▸ RECORDS FOR PROCESSING:
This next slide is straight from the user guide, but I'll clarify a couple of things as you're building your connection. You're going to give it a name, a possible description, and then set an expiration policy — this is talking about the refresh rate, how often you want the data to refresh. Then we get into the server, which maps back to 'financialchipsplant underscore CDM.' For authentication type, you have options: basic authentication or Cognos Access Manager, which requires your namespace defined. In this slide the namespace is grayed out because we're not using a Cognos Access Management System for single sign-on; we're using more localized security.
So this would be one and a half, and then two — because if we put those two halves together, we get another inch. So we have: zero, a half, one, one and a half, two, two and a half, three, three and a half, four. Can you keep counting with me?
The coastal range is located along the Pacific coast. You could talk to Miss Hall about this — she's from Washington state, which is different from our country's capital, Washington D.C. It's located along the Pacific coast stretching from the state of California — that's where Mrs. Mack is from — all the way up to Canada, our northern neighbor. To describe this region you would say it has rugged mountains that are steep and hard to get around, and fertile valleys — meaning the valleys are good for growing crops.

==

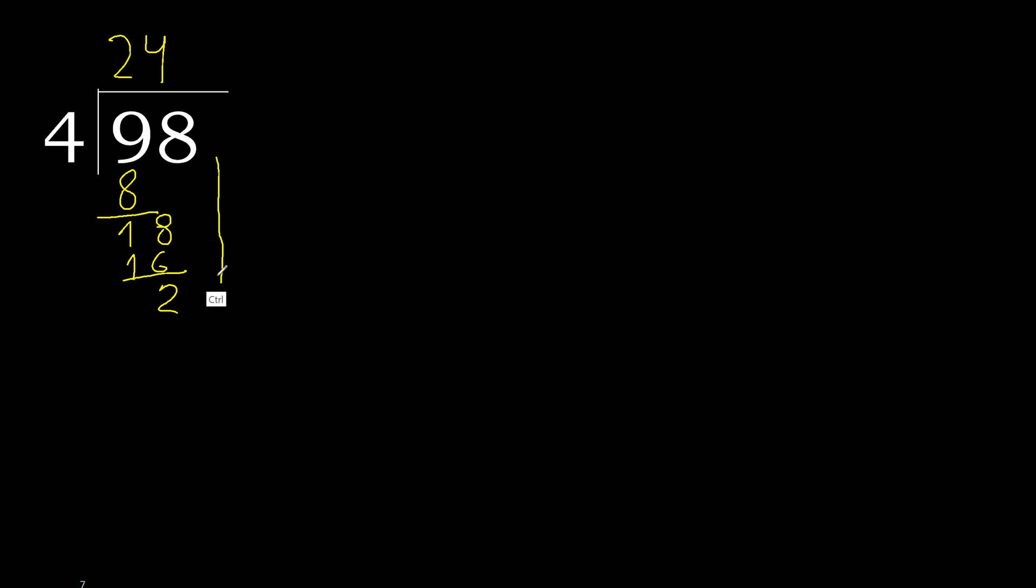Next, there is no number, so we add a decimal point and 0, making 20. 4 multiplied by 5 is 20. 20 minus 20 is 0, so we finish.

* * *

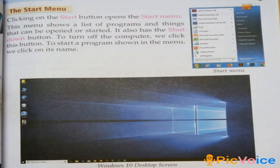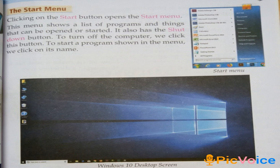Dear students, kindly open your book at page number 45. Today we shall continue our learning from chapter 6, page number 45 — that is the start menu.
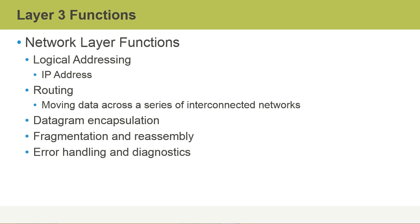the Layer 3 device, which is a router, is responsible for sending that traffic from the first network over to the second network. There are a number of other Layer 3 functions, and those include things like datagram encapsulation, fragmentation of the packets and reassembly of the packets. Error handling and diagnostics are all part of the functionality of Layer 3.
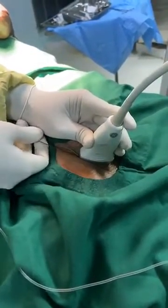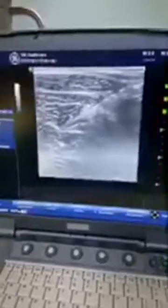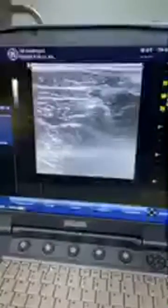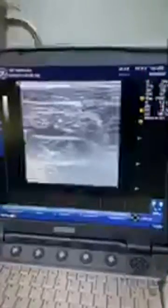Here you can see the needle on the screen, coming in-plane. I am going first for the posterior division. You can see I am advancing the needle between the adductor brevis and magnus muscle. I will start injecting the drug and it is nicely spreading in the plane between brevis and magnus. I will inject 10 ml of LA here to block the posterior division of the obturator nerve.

▸ TO DO: From the data above, copy each line that holds "because".

▸ SOLUTION TO THE PROBLEM:
This next slide is straight from the user guide, but I'll clarify a couple of things as you're building your connection. You're going to give it a name, a possible description, and then set an expiration policy — this is talking about the refresh rate, how often you want the data to refresh. Then we get into the server, which maps back to 'financialchipsplant underscore CDM.' For authentication type, you have options: basic authentication or Cognos Access Manager, which requires your namespace defined. In this slide the namespace is grayed out because we're not using a Cognos Access Management System for single sign-on; we're using more localized security.
So this would be one and a half, and then two — because if we put those two halves together, we get another inch. So we have: zero, a half, one, one and a half, two, two and a half, three, three and a half, four. Can you keep counting with me?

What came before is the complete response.